A graph G = (V, E) is word-representable if there exists a word w
over V such that x and y alternate in w if and only if (x,y) is in
E. A comprehensive introduction to the theory of word-representable
graphs is given in the book "Words and
Graphs" by Sergey Kitaev and Vadim Lozin published by Springer.
Also, see "A
Comprehensive Introduction to the Theory of Word-Representable
Graphs" by Kitaev published in the Lecture Notes in
Computer Science 10396. Moreover, see the wiki
page giving basic information on the theory and its
generalizations. A key result in the theory of word-representable
graphs is the theorem stating that a graph is word-representable if
and only if it admits a semi-transitive orientation.
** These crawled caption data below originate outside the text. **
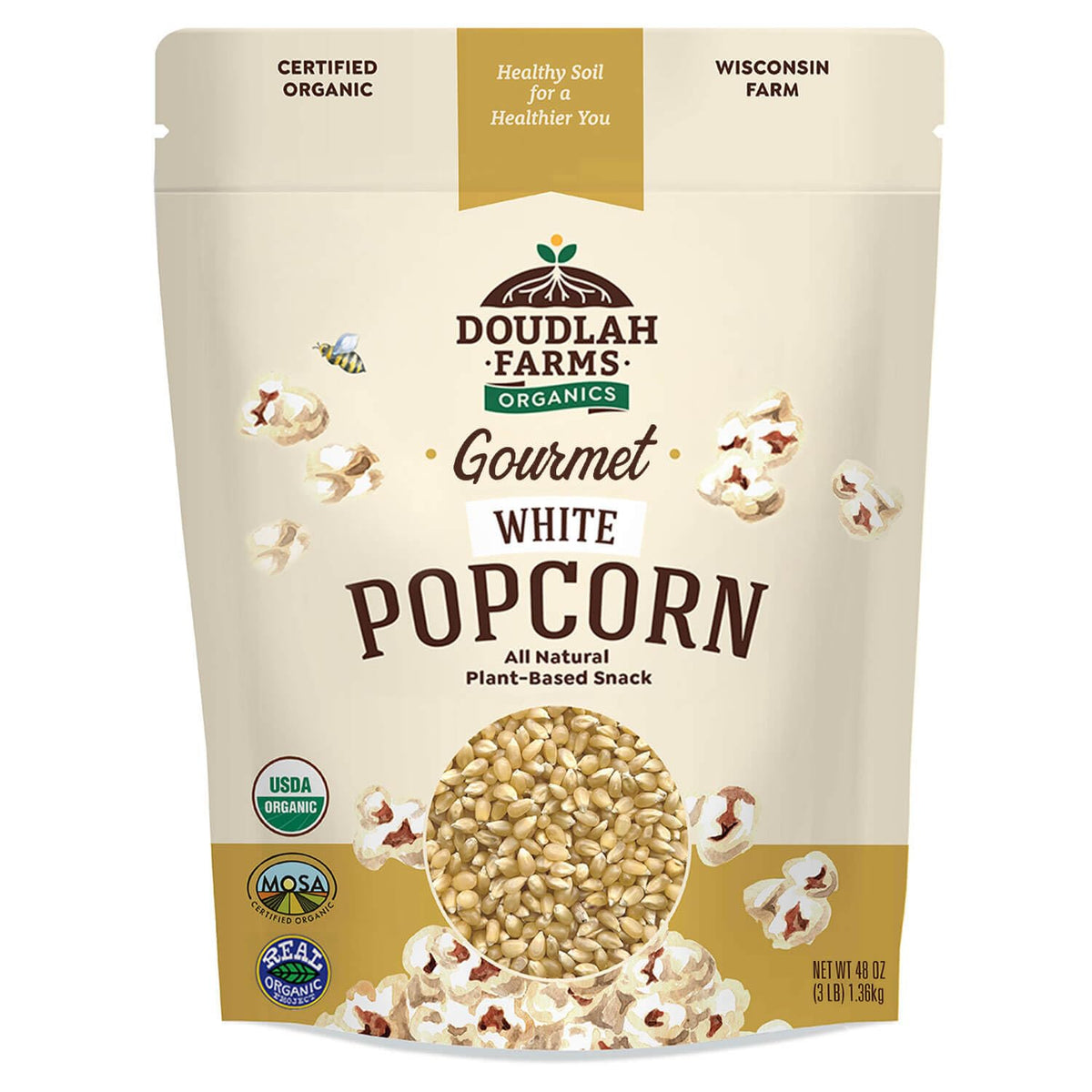 Doudlah Farms Organic White Popcorn kernels in bag, ready to pop for a wholesome snack.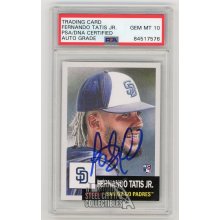 Fernando Tatis Jr 2019 Topps Living Autographed Rookie RC Card #173 - PSA/DNA 10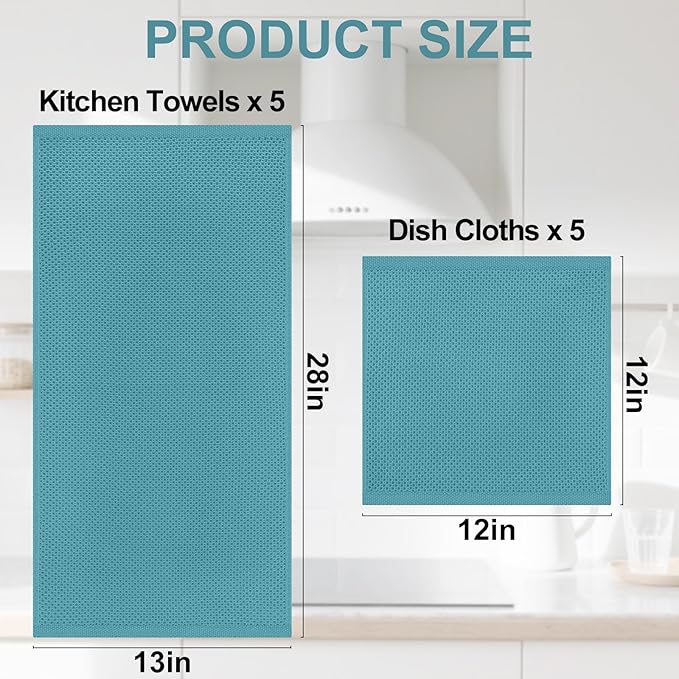Homaxy 100% Cotton Kitchen Towels and Dishcloths Set, 12 x 12 Inches and 13 x 28 Inches, Set of 10 Bulk Kitchen Towels Set, Ultra Soft Absorbent Dish Cloths for Washing Dishes, Lake Blue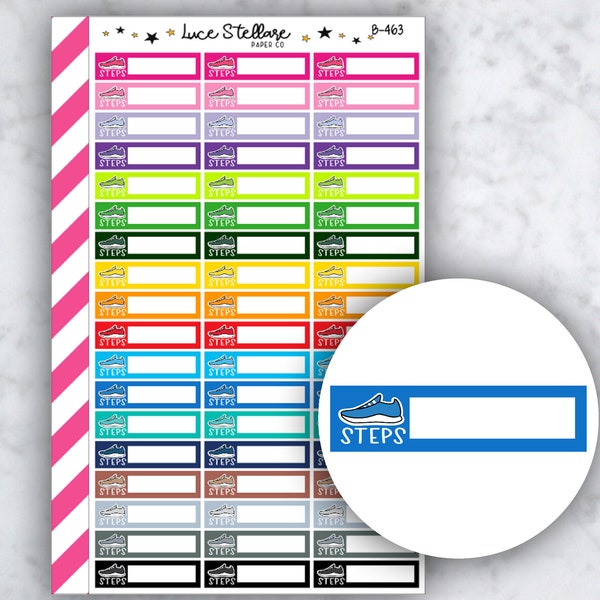 STEP TRACKER Planner Stickers / Weekly Habit Tracker /Erin Condren Planner Stickers / Happy Planner Stickers / Habit Stickers B-463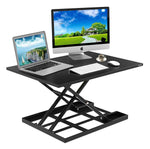 Standing Desk Stand Up Desks Height Adjustable Sit Stand Converter Laptop Stands Large Wide Rising Black Dual Monitor PC Desktop Computer Riser Table Workstation Foldable Extender Ergonomic 32 inch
to work with word-representability of graphs was created by Haoran
Sun in 2021, and it is based on the notion of a semi-transitive
orientation. A unique feature of this software, compared to that
created by Marc Glen RepresentableGraphs.jar
(see description here),
is that it is capable of producing automatically human-verifiable
proofs of non-word-representability (recognising word-representable
graphs in an NP-complete poblem). We refer to the paper "Human-verifiable
proofs in the theory of word-representable graphs" for a
description of the proof format.
The software presents a graph in matrix form on the left, and in
graphical form on the right. Edges are added/removed by clicking on
the appropriate entry in the matrix. The program presents the
following functionality:
Manipulating the graph
Controls for manipulating the graph are on the left-hand side panel.
There is an "oriented/non-oriented" pair of radio buttons, which
toggles which type of edge is placed on the graph. A graph can be partially
oriented, which is achieved by switching between "oriented"
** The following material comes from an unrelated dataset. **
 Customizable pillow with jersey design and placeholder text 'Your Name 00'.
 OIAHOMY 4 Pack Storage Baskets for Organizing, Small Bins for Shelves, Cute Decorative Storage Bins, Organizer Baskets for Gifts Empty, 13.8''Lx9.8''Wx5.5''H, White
and "non-oriented" buttons. The "Add" and "Subtract" buttons
increase and decrease the size of the matrix, respectively (that is,
removes the highest vertex, or adds a new one). The "Clear" button
removes all edges from the current graph. The "Clear Orientation"
button removes orientation of all edges in the current graph.
Checking for word-representability
The button "Test" checks whether the given fully-oriented graph is
semi-transitively oriented, or whether the given partically orinted
graph admits extension of the orientation to semi-transitive one, or
whether the given undirected graph admits a semi-transitive
orientation. "Test (Smart Version)" has the same functionality as
"Test" but uses a more advanced algorithm (Algorithm 2 in the paper
"Human-verifiable proofs in the theory of word-representable
graphs"). If the graph in question is not word-representable, a pop
out window will offer to print a proof of this fact. Such a proof
can be used in a research paper to justify non-word-representability
of a graph. The time used to find the proof will be printed at the
end of the proof. We note that a proof of non-extendability of a
partially oriented graph to a semi-transitively oriented graph is a
useful feature: when strating from an undirected graph, one can
notice symmetries allowing assumptions on orientation of certain
edges without loss of generality. Such assumptions can allow finding
a semi-transitive orientation quicker, or reduce the length of a
non-word-representability proof dramatically.